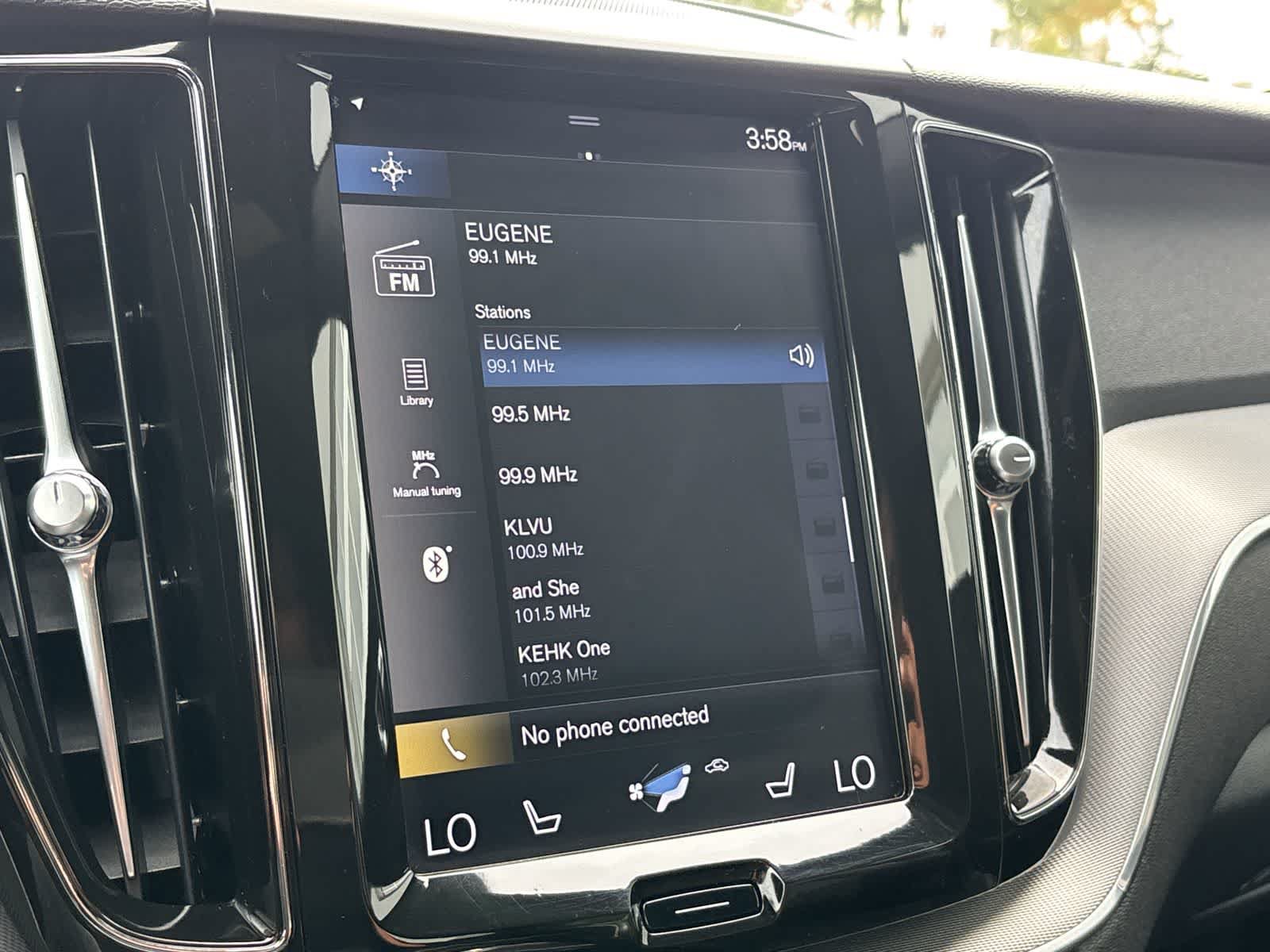 Used 2018 Volvo XC60 T6 R-Design w/ Convenience Package AWD/4WD image 18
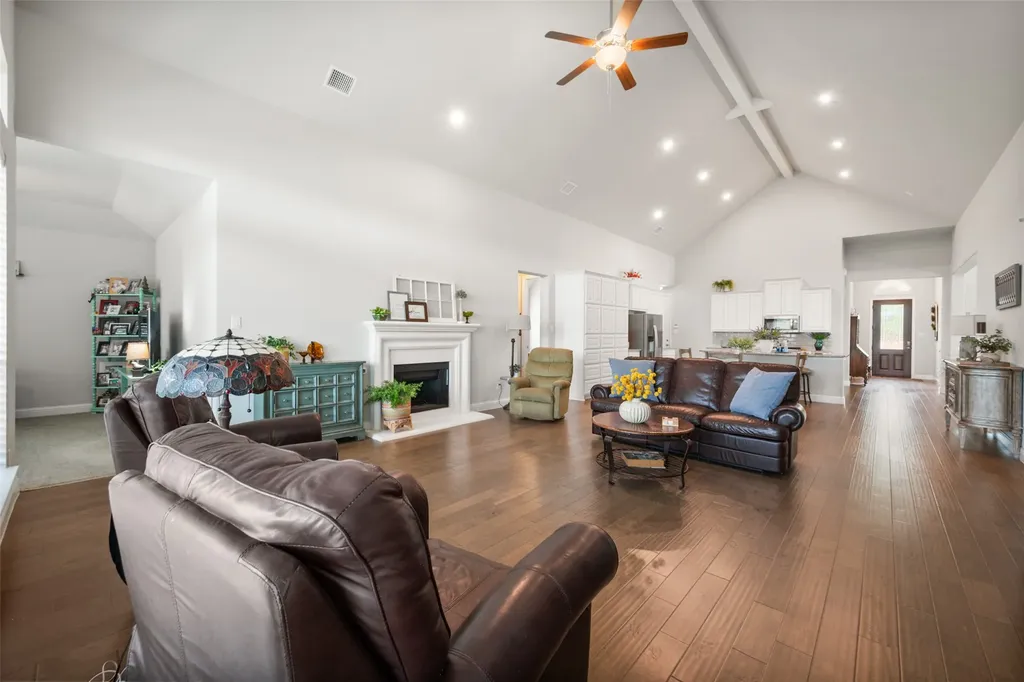 1921 Middleton Drive Mansfield TX 76063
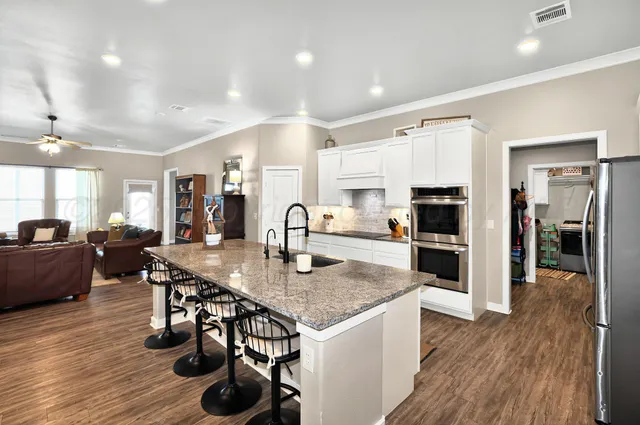 $475,000 | 2701 Daybreak Lane, Amarillo, TX 79124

----------------------------------------

WORK ORDER. Repeat each line of the material exactly, and drop any image it carries.

RESULT OF THIS EXERCISE.
 Used 2018 Volvo XC60 T6 R-Design w/ Convenience Package AWD/4WD image 18
 1921 Middleton Drive Mansfield TX 76063
 $475,000 | 2701 Daybreak Lane, Amarillo, TX 79124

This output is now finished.